Aus der Sicht der Medien ragt die Basisinnovation der Digitalisierung sogar über die von Kondratjew erlebten Innovationen hinaus. Aus ihrer Sicht wird nicht eine 50-Jahres-Welle, sondern eine 500-Jahre-Welle abgelöst. Das Grundstürzende dieser Innovation lässt sich in einer einfachen Gleichung zwischen Sender und Empfänger ausdrücken.

Bis vor 500 Jahren galt die Gleichung 1:1. Auf einen Sender kommt ein Empfänger: das Zeitalter der Individualkommunikation. Es reichte von den Höhlenmenschen bis zu Johannes Gutenberg. Gutenberg änderte die Gleichung, jetzt hieß sie: 1:n. Ein Sender kann unendlich viele Empfänger erreichen. Dieses Zeitalter der Massenkommunikation erstreckt sich von Johannes Gutenberg bis zu Thomas Gottschalk. Wir Zeitgenossen haben das seltene Privileg, am Schnittpunkt dieser 500-jährigen Riesen-Kondratjew-Wellen zu leben.

Die prägende Welle entstand in Berlin

Mit etwas Lokalpatriotismus kann man sagen: Die heute prägende Welle wurde in Berlin ausgelöst. In den vierziger Jahren schuf Konrad Zuse die Grundlage der Basisinnovation für das heute sich mit großer Wucht entfaltende Zeitalter der Massen-Individualkommunikation. Der rechenfaule Bauingenieur Zuse stellte am 12. Mai 1941 in Berlin den ersten programmierbaren Rechner der Welt vor. Damit änderte er die Gutenbergsche Gleichung von 1:n in n:n. Computer plus Vernetzung – das, was wir Digitalisierung nennen – macht aus den unendlich vielen Empfängern zugleich auch unendlich viele Sender.

1989 präsentierte Konrad Zuse einen Nachbau seiner im Zweiten Weltkrieg in Berlin zerstörten Rechenmaschine Z1.
1989 präsentierte Konrad Zuse einen Nachbau seiner im Zweiten Weltkrieg in Berlin zerstörten Rechenmaschine Z1.

© picture-alliance / gms

[Wenn Sie alle aktuellen Nachrichten live auf Ihr Handy haben wollen, empfehlen wir Ihnen unsere runderneuerte App, die Sie hier für Apple- und Android-Geräte herunterladen können.]

Wir Zeitgenossen können die Folgen dieser Innovation kaum abschätzen.

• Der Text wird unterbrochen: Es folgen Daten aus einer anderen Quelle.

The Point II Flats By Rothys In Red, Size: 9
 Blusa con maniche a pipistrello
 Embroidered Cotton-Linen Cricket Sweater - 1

Wenn wir aber die Umwälzungen betrachten, die Gutenbergs Druckmaschine mit beweglichen Lettern vor einem halben Jahrtausend auslöste, dann bekommen wir einen Eindruck der Dimensionen.

Die mächtigste Institution der damaligen Zeit, die Kirche, hatte bis zu diesem Zeitpunkt jede Erschütterung abwenden können. Sie nannte die Angreifer Ketzer und verbrannte sie. Martin Luther konnte mit der Druckerpresse die mächtigste Institution seiner Zeit erschüttern und spalten. Zu den folgenden Umwälzungen gehören die Katastrophe des Dreißigjährigen Krieges ebenso wie die Aufklärung, die Demokratisierung des Wissens durch Bibliotheken und die Gleichschaltung mit dem Volksempfänger. Als das Magazin „Time“ im Jahr 2000 den wirkmächtigsten „Menschen des Jahrtausends“ wählte, entschied sich die Redaktion für Johannes Gänsfleisch Gutenberg aus Mainz in Deutschland, den Begründer der Massenkommunikation.

Das Gutenberg-Denkmal vor der Commerzbank-Zentrale in Frankfurt am Main (Hessen).
Das Gutenberg-Denkmal vor der Commerzbank-Zentrale in Frankfurt am Main (Hessen).

© picture alliance / dpa

Wir können uns nicht vorstellen, was die Massen-Individualkommunikation in den nächsten Jahrzehnten und Jahrhunderten mit sich bringen wird, aber eine Zäsur wird es sein. Die schräge Kommunikation von Heranwachsenden auf Sozialen Medien ist erst der Anfang, auch wenn diese Halbstarken über 70 Jahre alt sind und im Weißen Haus tweeten.

Führt die Digitalisierung zu galaktischen Gatekeepern namens Google, Facebook oder Apple, neben denen Hugenberg und Berlusconi wie Zwerge erscheinen? Erwartet uns eine mediale Demokratisierung durch aufgeweckte junge Leute, die Greta oder Rezo heißen und auch diese Gatekeeper nicht stoppen können? Zerfällt die Öffentlichkeit in halbinformierte Echokammer-Radikale, die erst mit Worten und dann Waffen wie in den USA aufeinander einschlagen? Alle diese Entwicklungen zeichnen sich heute nebeneinander ab und der Ausgang ist offen, oder besser: Er liegt in unseren Händen als Bürger und Journalisten, als Gesetzgeber, Leser, User und Wähler jeglichen Geschlechts.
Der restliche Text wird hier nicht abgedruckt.